I used the 'Conect to Server' or something like that from the menu bar...not infront of the mac right now.  I think if you hit option or command k it brings it up.  I would type in SMB and the IP address....

If you are not doing it this way, I have no idea....like I said...this past weekend was my frist attempt....i was lucky

Good Luck,
Eddie


----------



## slynkycat (Dec 5, 2002)

fixed it. you need to create an account on the windows box that has the same username and password as the one you use to loginto the mac box. It wont recognise any other logins you have. Also in your system preferences on the mac make sure that in the accounts you have "Allow user to logon from windows" checked. I restarted and created the new account and it "seems" to be working ok now..

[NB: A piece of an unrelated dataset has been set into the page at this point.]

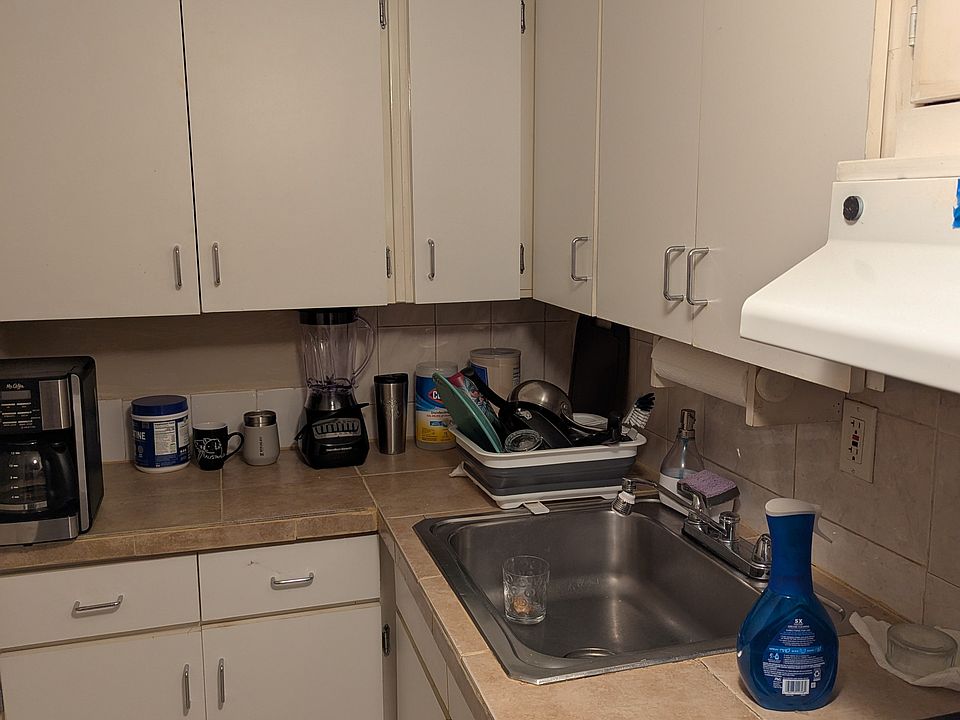 1st image of 218 Dey St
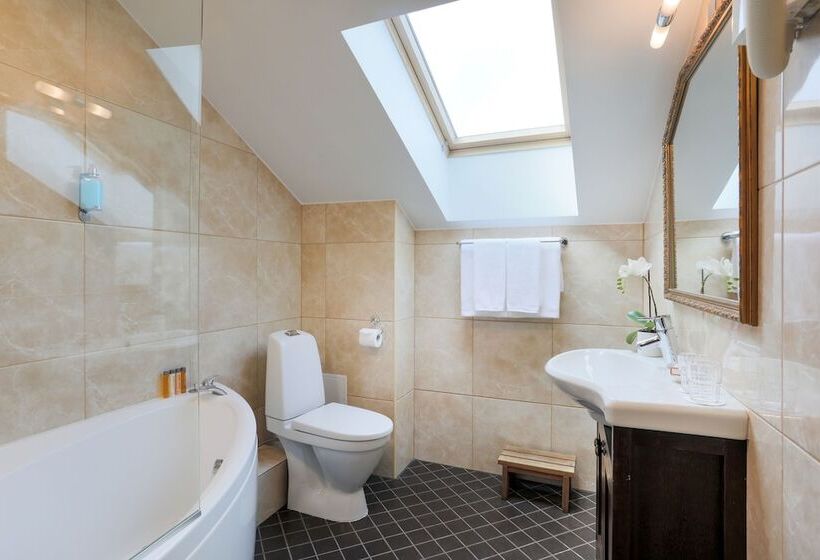 اتاق خانوادگی, The Von Stackelberg Hotel Tallinn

Thanks for your help Eddie )


----------



## Vard (Dec 5, 2002)

Nice work.....that sounds about all the steps that I did.  Sorry I couldn't get it out in words.

On a side note....love your website.  Couldn't get some of the pages to load though....but still nice.  I especially like the disclaimer about asking for pics of you to be posted...very nice.

Well, glad to here you got it working.

Later,
Eddie


----------



## slynkycat (Dec 5, 2002)

lol cheers yeah i know theres large chunks not working as I just redeveloped it and havent finished it as have got too many of everyone else's site to do. it will get back together soon but wanted to do it on my new spangly mac instead lol. if yer bored message me on icq in u want.  Cheers again


----------